Sulla possibilità di praticare la raccolta differenziata al mercato si ‘scontrano’ due tesi: quella di Stefano Palladino, Assessore all’ambiente presso il Comune di Cerignola, e quella dei giovani di Ricambio Generazionale. Di seguito vengono proposte integralmente entrambe le note stampa.

Palladino – «A seguito dei diversi commenti apparsi sui media circa la raccolta dei rifiuti al mercato settimanale delle Fornaci mi sembra corretto intervenire in prima persona per chiarire alcuni punti. E’ noto a tutti quanto sia indecoroso lo spettacolo che il mercato del mercoledì lascia agli abitanti del quartiere Fornaci alla fine della giornata. Rifiuti ovunque che con il vento vengono dispersi a centinaia di metri ed in tutto il quartiere. E’ una situazione insostenibile ed occorre intervenire con urgenza. Abbiamo chiesto alla SIA di sperimentare un servizio di distribuzione di buste ai commercianti ambulanti per contenere i rifiuti e la SIA si è resa disponibile garantendoci la distribuzione delle buste per 2 mercoledì consecutivi. La sperimentazione è andata molto bene riscontrando commenti positivi sia dei commercianti che dei cittadini ed, in effetti, è risultata visibile a tutti la riduzione della dispersione dei rifiuti per il quartiere e la maggiore velocità con cui è stata ripulita l’area che ospita il mercato. La stessa SIA ci ha comunicato che intendeva interrompere la sperimentazione in attesa che si definissero in maniera definitiva con il Comune di Cerignola gli aspetti tecnici ed economici. Ho inteso continuare la sperimentazione a mie spese, per la precisione circa 100,00 euro per l’acquisto di 300 buste, per dare continuità al servizio nelle more della definizione dello stesso fra il dirigente all’ambiente del Comune e l’amministratore della SIA, cosa per la quale ho dato indirizzo per iscritto. Sono fermamente convinto dell’iniziativa messa in campo che non punta, in questa prima fase, a differenziare i rifiuti, ma semplicemente a ridurne la dispersione nell’ambiente nel mentre il piazzale viene ripulito. Credo sia una operazione di buon senso tendente a relazionarsi con i cittadini per ridurre l’impatto delle sue molteplici attività sull’ambiente. Se ci chiudiamo e ci trinceriamo esclusivamente dietro costosi strumenti in termini economici ed ambientali, quali inceneritori, discariche, mezzi meccanici di raccolta, per risolvere le problematiche connesse alla nettezza urbana del nostro paese non ne verremo fuori. Per i motivi sopra riportati la sperimentazione continuerà, per i cittadini che volessero dare una mano nella distribuzione delle buste l’appuntamento è per mercoledì alle ore 7:00 alla rotatoria delle Fornaci».

Ricambio Generazionale – «Alle volte, restare in silenzio può evitare pessime figure.

Tutti ricordiamo che la raccolta differenziata al mercato è stata
interrotta per mancanza di fondi da parte di Sia.
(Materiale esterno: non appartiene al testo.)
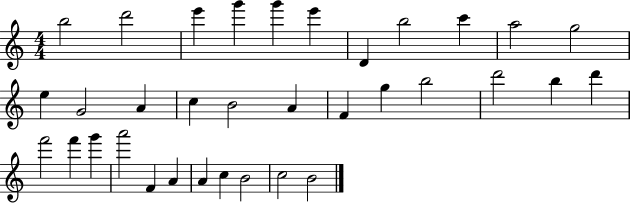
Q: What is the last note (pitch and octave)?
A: B4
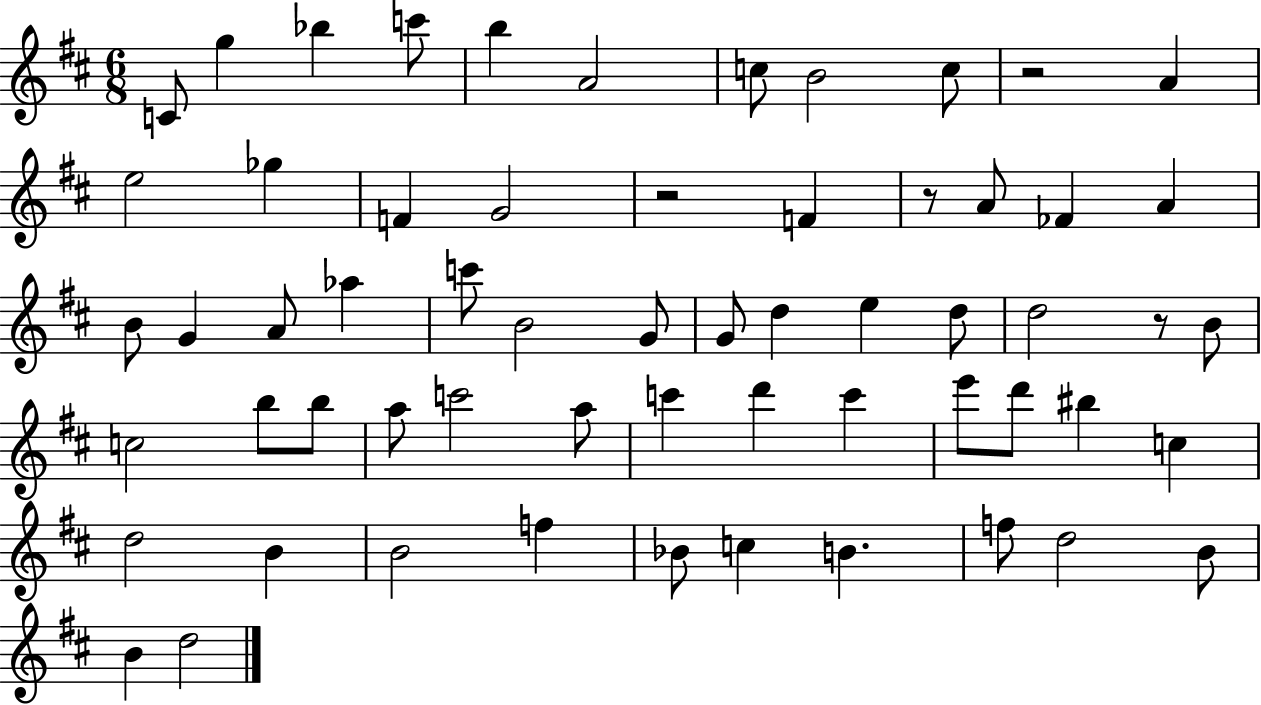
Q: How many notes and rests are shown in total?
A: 60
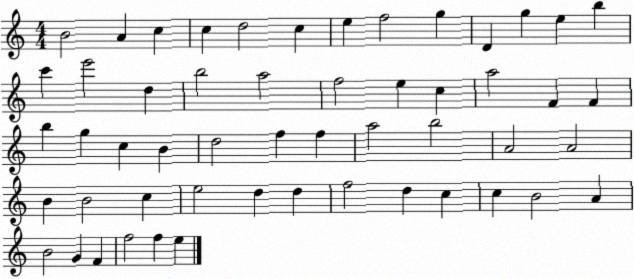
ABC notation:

X:1
T:Untitled
M:4/4
L:1/4
K:C
B2 A c c d2 c e f2 g D g e b c' e'2 d b2 a2 f2 e c a2 F F b g c B d2 f f a2 b2 A2 A2 B B2 c e2 d d f2 d c c B2 A B2 G F f2 f e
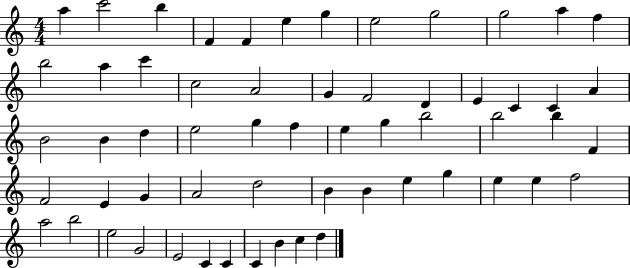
X:1
T:Untitled
M:4/4
L:1/4
K:C
a c'2 b F F e g e2 g2 g2 a f b2 a c' c2 A2 G F2 D E C C A B2 B d e2 g f e g b2 b2 b F F2 E G A2 d2 B B e g e e f2 a2 b2 e2 G2 E2 C C C B c d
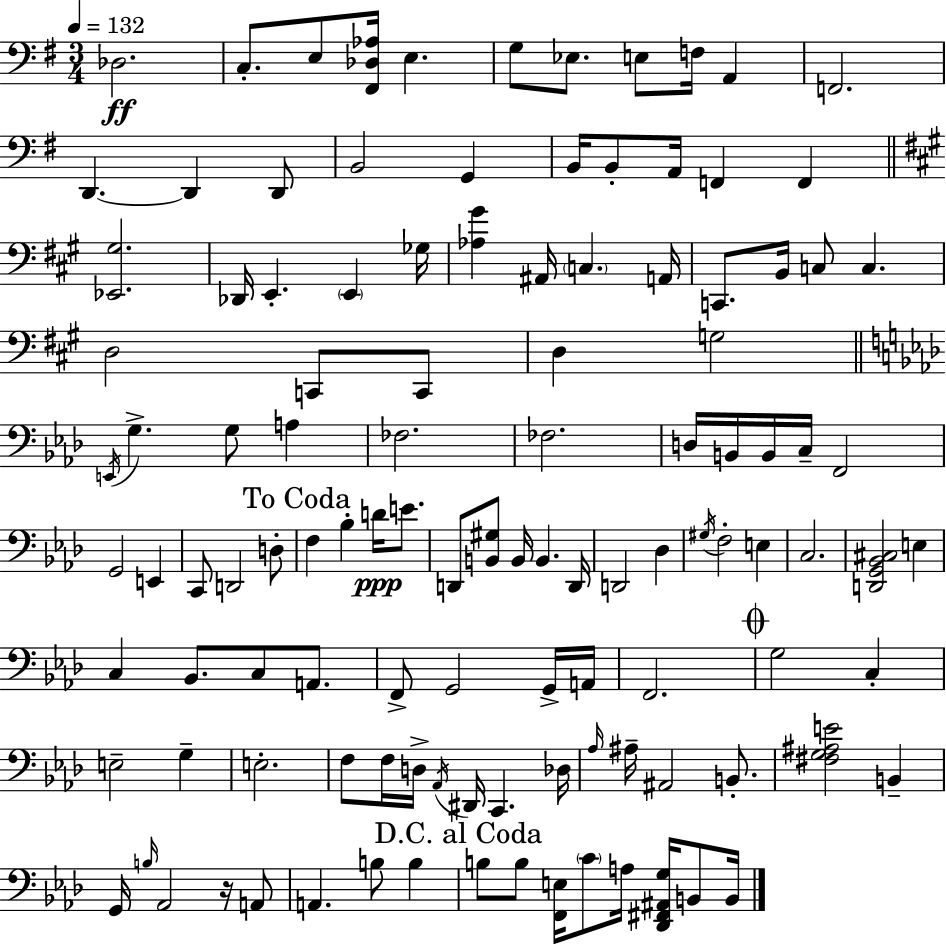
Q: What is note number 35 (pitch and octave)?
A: D3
O almeno, è stata questa, la
prima versione ufficiale data dall’Amministrazione comunale.

Teoria subito smontata da noi di Ricambio Generazionale. Infatti, informandoci
sui costi delle buste, abbiamo scoperto che la cifra è davvero irrisoria. Un
rotolo di 15 buste, all’ingrosso, costa 0,65 cent. Considerato che le
bancarelle da fornire sono all’incirca trecento, la spesa settimanale
ammonterebbe a 13 euro. Una somma irrisoria, per un’azienda che conta oltre
duecentocinquanta dipendenti. La storia dei costi troppo elevati non regge.
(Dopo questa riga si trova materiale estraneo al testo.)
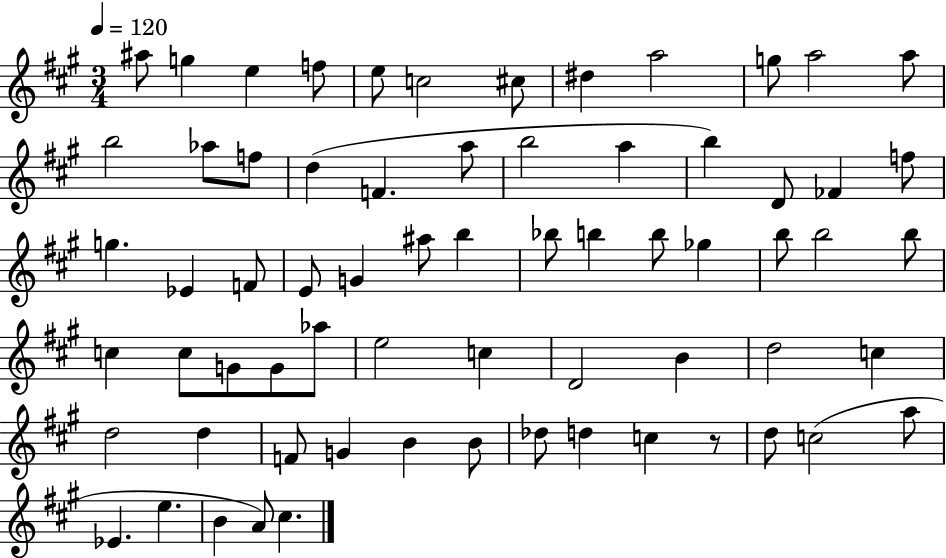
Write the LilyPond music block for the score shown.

Troppo tardi, amministratori e Sia si sono resi conto dell’enorme sciocchezza
detta. Così, un paio di giorni fa, Vasciaveo, dalle colonne de “La Gazzetta del
Mezzogiorno”, ha tentato di aggiustare il tiro. Peggiorando, se possibile, la
situazione.

Abbandonata la scusa delle spese troppo ingenti da sostenere, ci ha reso noto
che la raccolta differenziata non si può fare perché le bancarelle non sono
trecento, ma quattrocento, e perché, nelle buste per la differenziata, i
commercianti hanno depositato escrementi.

Dottor Vasciaveo, è vero che le bancarelle sono quattrocento e non trecento,
ma ci sono alcuni commercianti che, con le loro bancarelle, non producono
rifiuti, e che, pertanto, non devono essere conteggiate. Quelli che vendono
libri, ad esempio, quali rifiuti possono produrre? E quelli che vendono abiti
usati? D’altronde, se anche le bancarelle da rifornire fossero davvero
quattrocento, la spesa non aumenterebbe che di 3,65 euro a settimana.
Spiccioli, per la Sia.

Poi, dottor Vasciaveo, io non credo affatto che i commercianti defechino nelle
buste. E non si può permettere di offendere la dignità di queste persone, se
non ha prove. E’ grave, ciò che Lei ha affermato.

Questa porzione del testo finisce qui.